• [WHAT TO DO]: Only the lines from the start of the data to the line containing "పలు కార్పొరేషన్ ఛైర్మన్లకు కేబినెట్ హోదా.", both included, should be output, exactly and without pictures.

[Image-text web data]
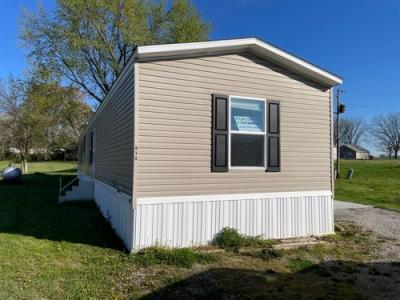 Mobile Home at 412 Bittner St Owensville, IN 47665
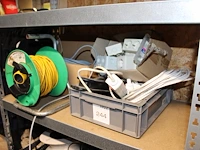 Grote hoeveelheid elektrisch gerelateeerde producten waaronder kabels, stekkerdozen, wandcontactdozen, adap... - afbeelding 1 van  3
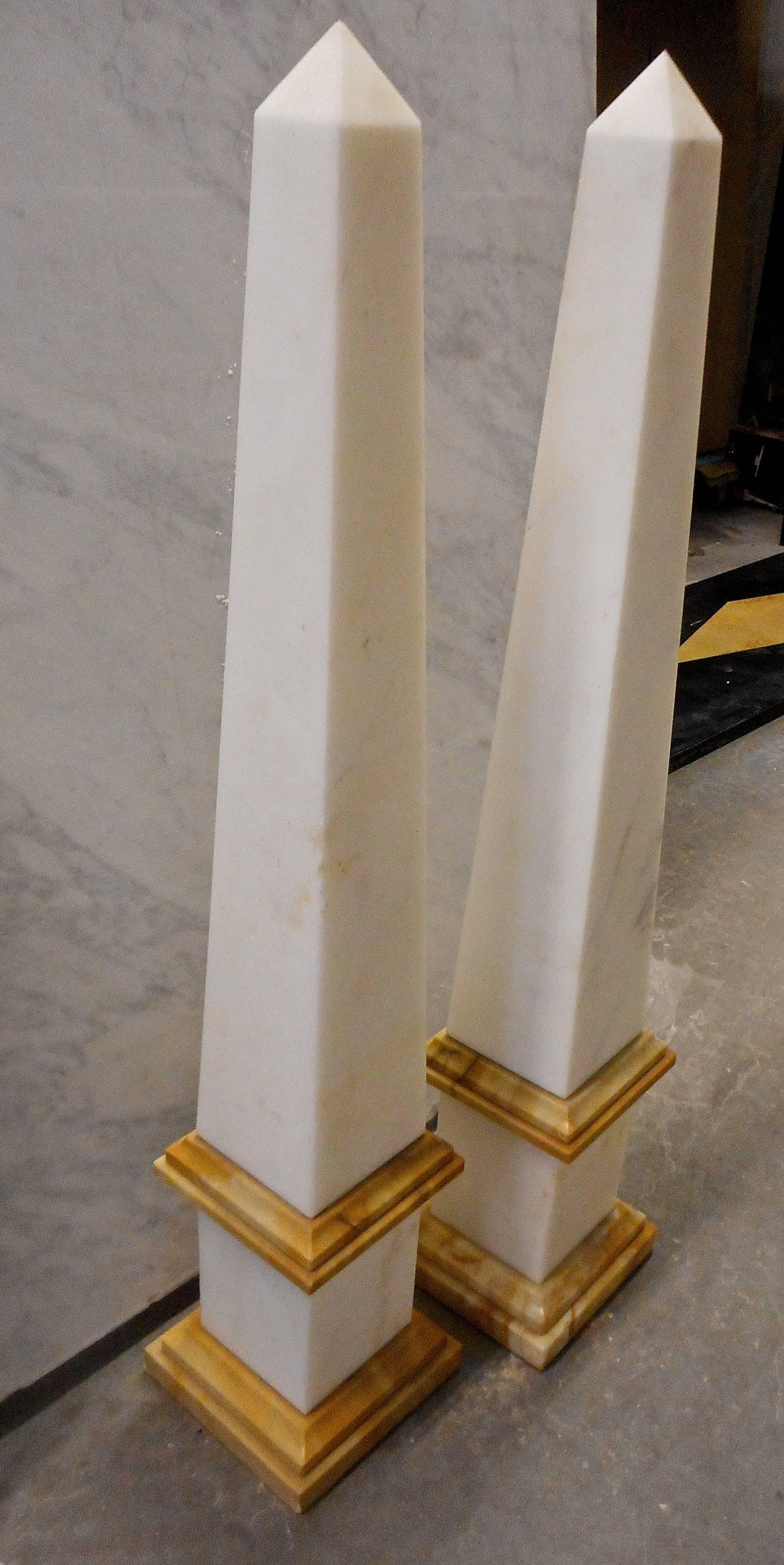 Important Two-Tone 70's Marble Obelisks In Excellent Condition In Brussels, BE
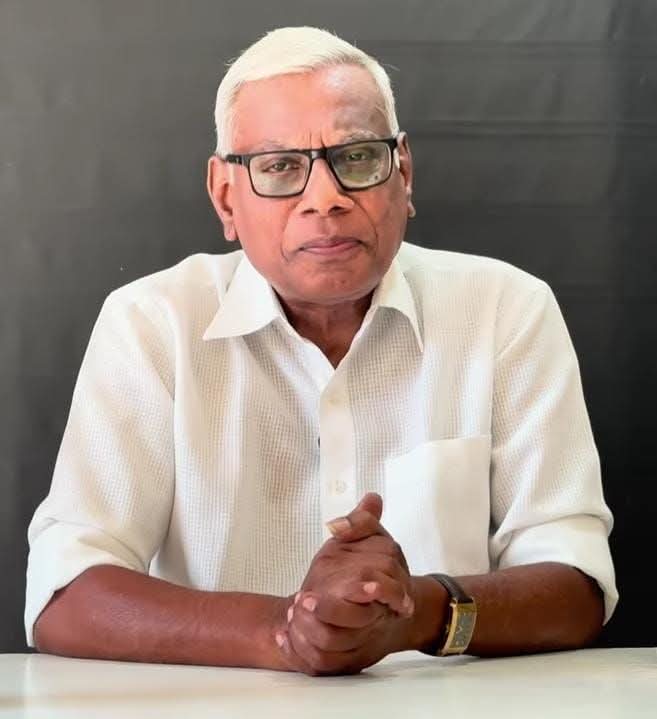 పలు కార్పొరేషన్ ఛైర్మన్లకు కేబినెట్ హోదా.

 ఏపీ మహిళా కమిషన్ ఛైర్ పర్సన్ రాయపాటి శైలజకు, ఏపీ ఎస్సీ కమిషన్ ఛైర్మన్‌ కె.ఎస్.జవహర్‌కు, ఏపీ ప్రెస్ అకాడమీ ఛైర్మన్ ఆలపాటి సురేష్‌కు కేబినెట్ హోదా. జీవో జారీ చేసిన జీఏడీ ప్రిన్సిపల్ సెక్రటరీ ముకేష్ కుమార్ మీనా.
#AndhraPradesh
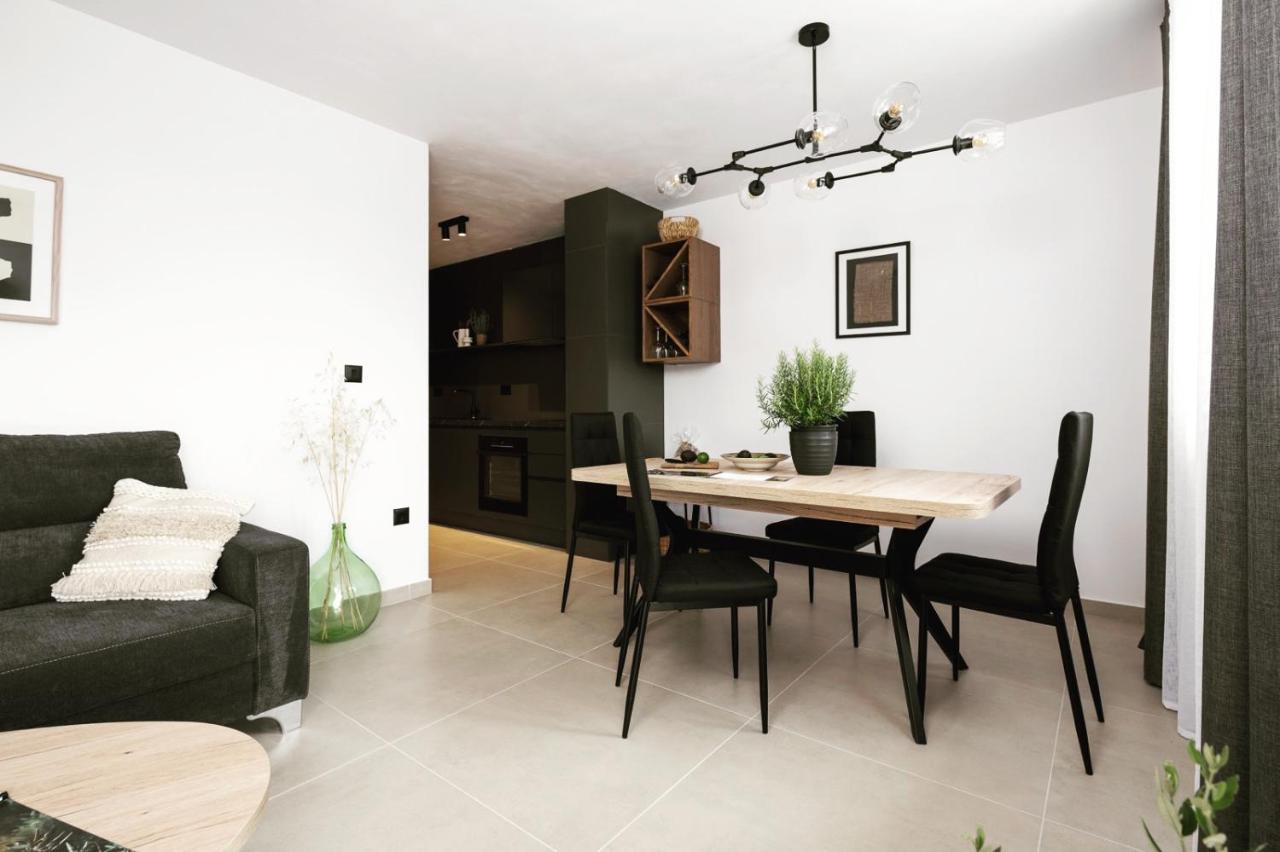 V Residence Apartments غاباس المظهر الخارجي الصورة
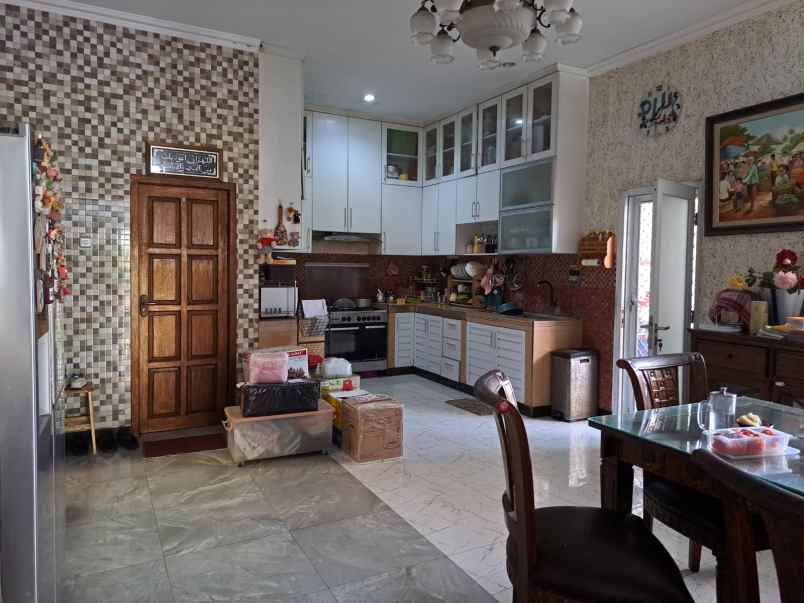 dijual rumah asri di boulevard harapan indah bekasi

• [WRITTEN ANSWER]:
 Mobile Home at 412 Bittner St Owensville, IN 47665
 Grote hoeveelheid elektrisch gerelateeerde producten waaronder kabels, stekkerdozen, wandcontactdozen, adap... - afbeelding 1 van  3
 Important Two-Tone 70's Marble Obelisks In Excellent Condition In Brussels, BE
 పలు కార్పొరేషన్ ఛైర్మన్లకు కేబినెట్ హోదా.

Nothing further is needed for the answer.